前田さん:最初、自分はただ写真を並べただけでしたけど、周りの人の作品を見てディスプレイの仕方に衝撃を受けました。皆さん作品の大きさやレイアウトをしっかり考え「どう作品を見せるか」ということを意識していました。その時初めてディスプレイの大切さが分かりました。

 

さらにその後、テラウチマサトさんが主催するワークショップに参加するなど、少しづつ「写真を人に見せること」に意識を傾けて行った前田さん。大きなパラダイムシフトが2014年、六甲山国際写真祭のポートフォリオレビューに参加した時に訪れます。

 

前田さん:ここでは海外のレビュアーに写真をマンツーマンで見てもらえます。「雪の旅」も見てもらいました。実はこの作品、最初はカラーだったのですが、その時は「綺麗だね」と言われて終わりでした。どうしたらその一歩先、自分が感じたこと、表現したかったことに踏み込んで作品を見てもらえるか、レビューでのアドバイスをもとに写真を見返し、自分なりに研ぎ澄ましていったのが今回の作品です。

 

Pc121268▲写真展では雪の降りしきる景色を車窓から見ているようなイメージでライティングを仕立てました。実に臨場感があります。私も実はかつて北海道を電車で旅したことがあって、あの時の感覚が思い出されました。
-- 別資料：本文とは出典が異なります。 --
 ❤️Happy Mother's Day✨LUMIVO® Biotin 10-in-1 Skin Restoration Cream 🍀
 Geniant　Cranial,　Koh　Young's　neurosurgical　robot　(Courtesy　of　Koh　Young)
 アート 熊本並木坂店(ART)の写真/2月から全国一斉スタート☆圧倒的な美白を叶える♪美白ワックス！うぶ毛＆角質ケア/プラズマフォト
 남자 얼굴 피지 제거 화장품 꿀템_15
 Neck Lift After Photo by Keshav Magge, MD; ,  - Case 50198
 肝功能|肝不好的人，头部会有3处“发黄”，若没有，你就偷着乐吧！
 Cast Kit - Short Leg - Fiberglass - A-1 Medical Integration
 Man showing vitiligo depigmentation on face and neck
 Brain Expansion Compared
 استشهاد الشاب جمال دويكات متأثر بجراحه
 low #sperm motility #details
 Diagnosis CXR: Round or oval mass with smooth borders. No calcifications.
前田さん:人生は「永久の旅」とも言えます。雪は空から落ち、溶けて、また蒸発して空に還る。ゆっくり降ってきて積もってなくなっていく。 ゆっくりですが、刹那的でイメージが広がります。また、雪を見ていると自然に対する畏れや敬意も強く感じます。例えば雪の結晶の形ですが、一つ一つ奇跡のように美しい形をしています。人間の思想や価値観では測れない自然の力。そのような思いもこの作品に込めています。

 

「心象風景」として自分の写真を他者と共有できるものにしたい。

前田さんの思いは、この展覧会で確かに実現されたのではないでしょうか。

Photo_2▲前田さんをギャラリー内で記念撮影。先日アメリカのレビュー・サンタフェにも参加されたとのこと。これからの作品もますますブラッシュアップされていくのでしょう。

皆様のご来場を心よりお待ちしています。